There’s no question that the place was troublesome for the neighbors. The grand plaza that La Quimera faces, named for an African hero, is ringed by stores, cafes and other apartment buildings. When there’s screaming, fighting, fires and ruckus, everyone gets upset.
So What Happened? We Don’t Yet Know
For years, even decades, La Quimera was a useful social center. In the late ‘90s, the partly-constructed abandoned building was occupied as part of the famous series of Laboratorio okupas. A Vallecana activist told me she had lived there then. But it wasn’t congenial – no water, no power. A hard place to be.
Happier days for La Q. The bar in 2016, @largarder81
According to the movement wiki 15Mpedia (at: https://15mpedia.org/wiki/CSROA_La_Quimera), the CSROA La Quimera is – was – a re - squatted social center. ("CSROA" they call it.

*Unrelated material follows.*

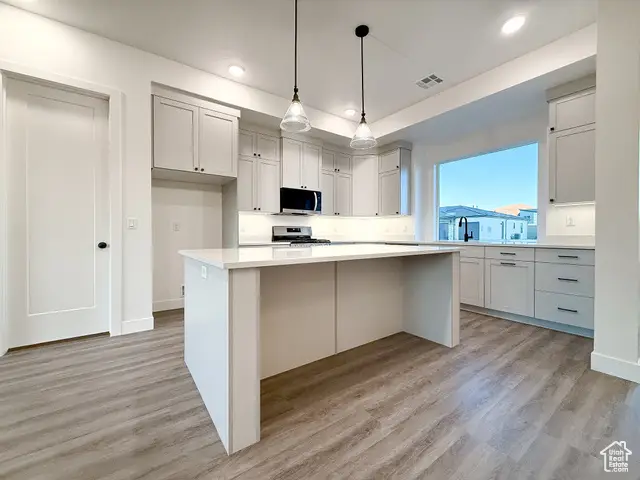 3360 W Bonita #21, Hurricane, UT 84737 - #3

CSOA is Centro Social Okupado Autogestionado; "R" for "recuperado").
La Quimera was re-squatted in the spring of 2013 during the “Toque a Bankia” campaign, a coordinated hacking and squatting wave that responded to the corruption of a major Spanish bank, corruption that finally sent the ex-finance minister, Rodrigo Rato, to jail.
La Quimera Feminista
When I came upon it, La Quimera was run by a radical feminist collective. They had a bar, held events, made posters and t-shirts – normal punky okupa stuff. They’d given keys to a group of African migrants who were attempting to organize a union of street-sellers, the Sindicato de los Manteros. An arts agency, Hablar en Arte, funded a public art project wherein two artists, Byron Maher and Alexander Ríos Pachón, worked together to support the formation of this nascent group. I was asked to write about it.

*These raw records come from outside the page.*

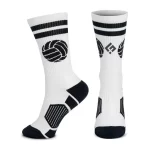 Basketball Socks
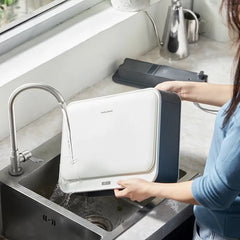 Morphy Richards Cutting Board Knife Disinfection Machine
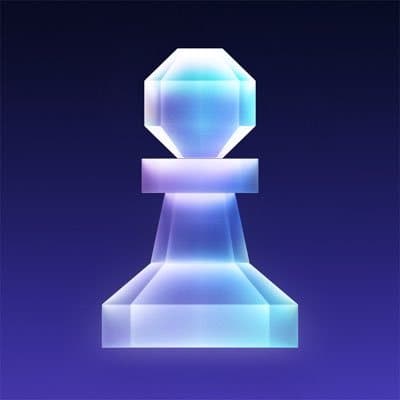 Pixiechess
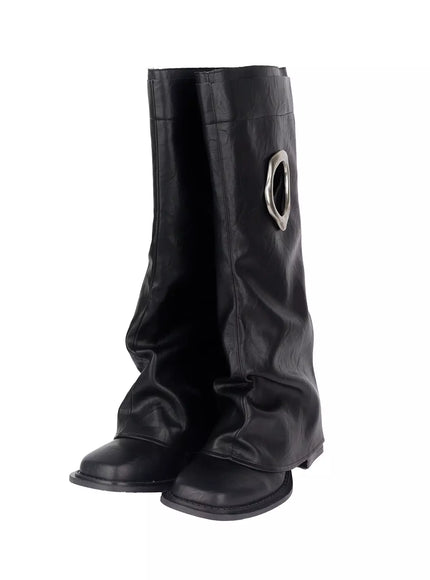 side-cutout-knee-high-boots-ij528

Byron and Alex made banners, took photos, and organized an event at La Ingobernable, a social center next to Medialab Prado. (La Ingob had water and power, so people could cook.) A former health center squatted in 2017, the place, like La Quimera, was also a strongly feminist okupa project, was. It was evicted in 2019, directly after the election of the rightwing Mayor Almeida.

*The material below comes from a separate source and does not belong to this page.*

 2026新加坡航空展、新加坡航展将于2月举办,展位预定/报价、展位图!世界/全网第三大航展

When La Ingobernable Was Still in Play
La Ingob's doorway can be seen in the distance; in foreground, the "green wall" of the Caixa Forum exhibition space.
La Ingobernable was also a player in this story. Like the Laboratorio before it, Ingobernable was a long-term project with several occupations and evictions. Writes Leah Pattem: “La Ingobernable began in 2000 with the aim to fill the support gap caused by Madrid’s shrinking public services. This independent collective provide[d] information, advice and support in housing, mental health, gender violence, immigration and more, depending on the skills of the volunteers involved.”
As a key center of organizing for things like the massive 8M feminist march, the rightwing city government needed to evict them. That was also vengeance. Followers of this blog will have read of La Ingobernable’s key role in partnership with the official city project Medialab Prado, as a nerve center of social movement alliance with the short-lived municipalist government.
(The municipalist platform of Manuela Carmena, however, did not give La Ingob a contract of tenancy when they could have. Not that a contract would have protected them from the revanchists; it would have delayed them.)
A Union for Migrant Street Vendors
I attended numerous meetings at La Quimera of the prospective sindicato of manteros, which was also supported by activists from SOS Racismo. Occasionally the artists would attend. (I was the old white guy taking notes in the corner, who didn’t understand much of what was going on.) The collaboration of the artists with the manteros unfolded during the brief warm progressive thaw of governance in Madrid as institutions and foundations began to stretch out their tender tentacles towards social movements.
Finally I submitted a long text on the process of Byron and Alex’s complex project with the manteros. The text was first edited, then cut from the book published by the Collaborative Arts Partnership Programme (CAPP) “an ambitious transnational cultural programme focusing on the dynamic area of collaborative arts” at: https://www.cappnetwork.com/.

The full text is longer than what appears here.